The business of utilizing sophisticated malware such as the Zeus Trojan, is on a steep incline as we witness more and more cases of online banking heists. We recently reported how the U.S. Feds arrested money mules in a USD$3 million Zeus Trojan bank fraud ring. Then, in the month of August, thousands of British internet banking users were robbed by hackers using Zeus. In the latest incident where cyberthieves made off with about USD$600,000 from Brigantine, NJ's TD Bank, the Zeus Trojan may have been the culprit once again.
The news of Internet banking succumbing to the Zeus Trojan is beginning to mount. The authorities in the U.S. and in overseas areas such as the Ukraine are doing their best to uncover these cyber gangs and hired money mules that seek to steal money from banks through the Internet.
The Security Service of Ukraine (SBU - A Ukrainian government security agency similar to the U.S. FBI) were able to detain 5 Ukrainian individuals, found to be members of a gang responsible for using the Internet bank password-stealing Zeus Trojan, who deployed malware in emails to target small businesses.
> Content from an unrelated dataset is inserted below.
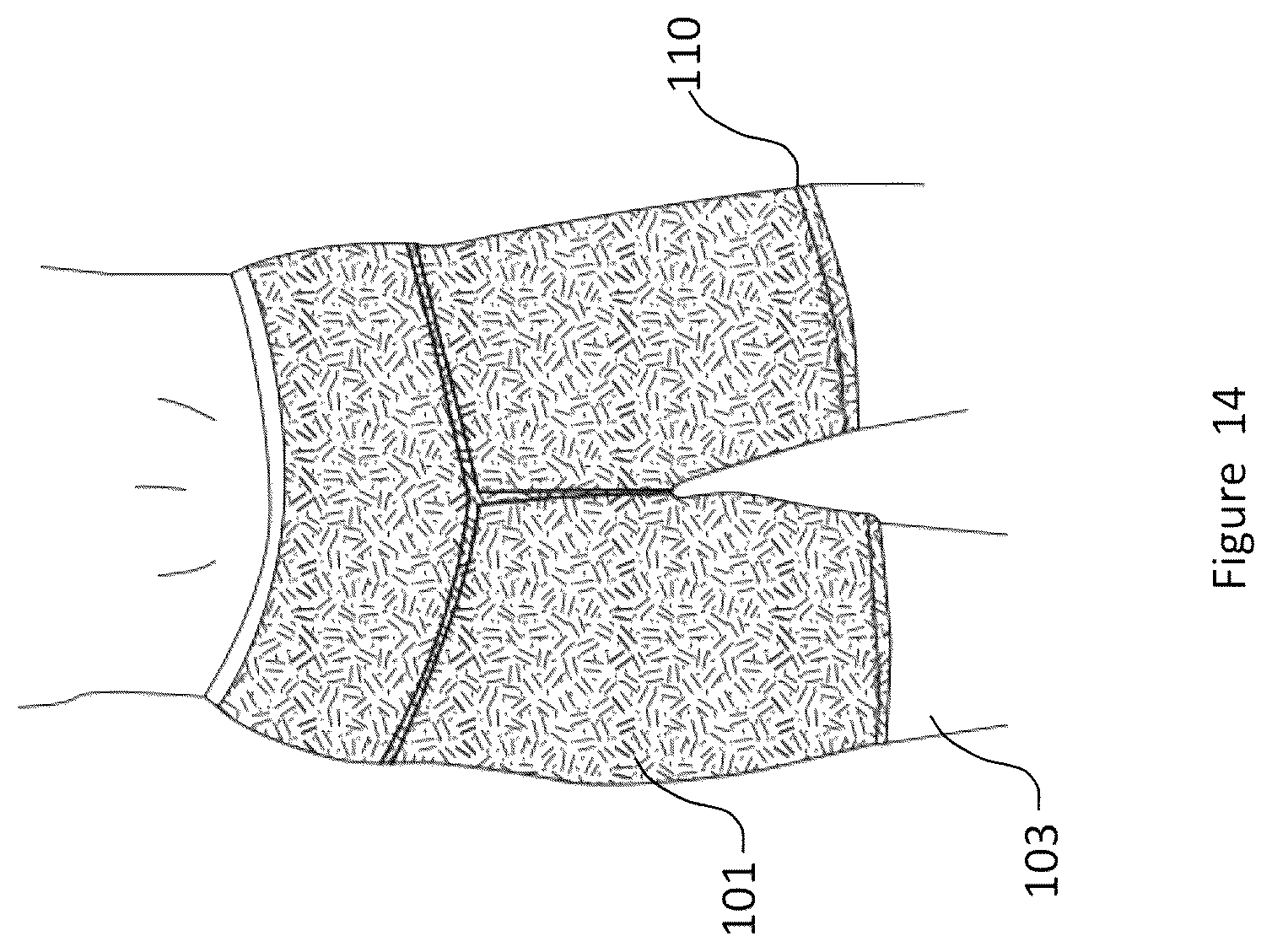 Patent US12102825 Figure 14 – Material and apparel that positively affect the health and wellbeing of a mammal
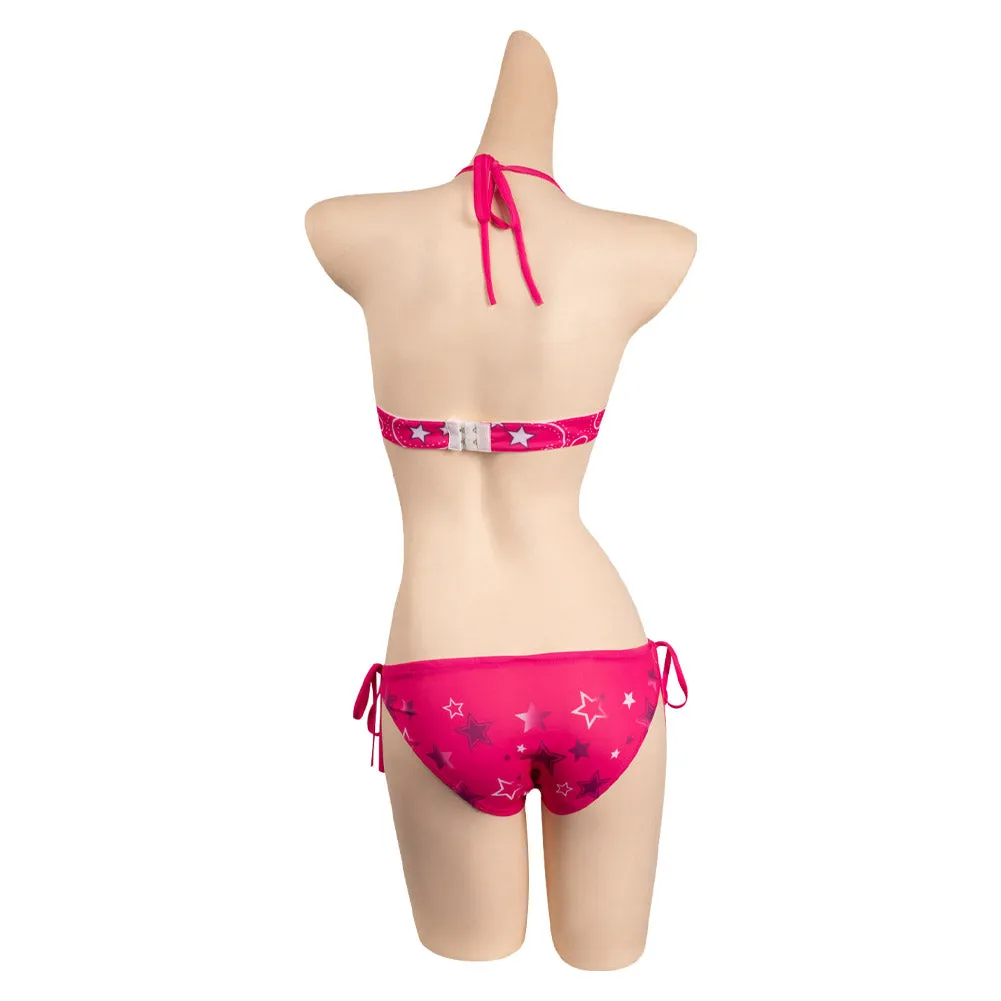 Barbie 2023 Margot Robbie Barbie Cosplay Costume Outfits Halloween Carnival Party Suit Cosplay Swimsuit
This gang is believed to have recruited 3,500 money mules in the United States to receive and forward the cash to the overseas attackers. The same 5 individuals have been tied to upwards of USD$70 million in U.S. banking heists all behind the screen of a computer connected to the Internet. Many of their money mules include Russians who were visiting the U.S. on student visas.
So far these incidents have managed to escape mainstream and national media due to the crime groups' clever tactics that help prevent them from getting caught. The FBI has been monitoring these situations and has given reporters a clear view on how sophisticated these 'underground' organized crime groups are. First and foremost, they use a sophisticated piece of malware which may have been Zeus (Zbot), also known as the number one botnet in the U.S., to hack into banking accounts allowing their money mules to transfer funds to U.S. accounts.
The FBI's Cyber Division believes that the individuals detained by the SBU worked with the developers of Zeus to get custom made components tailored to their specific needs which lead to the theft of up to USD$70 million. The Zeus Trojan variant these individuals have used in the past was identified by security researchers to be specific for the Ukrainians. This variant would alerts the gang through Jabber instant message whenever the Internet banking login credentials were stolen from specific institutions. Pretty clever, isn't it?
At this point and time, due to all of the recent Zeus initiated attacks, we will continually see more cybercrook gangs and money mules stealing and laundering money from online banking institutions. Until we are able to put an end to the original source, which seems to be the Zeus Trojan, we may be witnessing a virtually uncontrollable outbreak of Internet banking theft.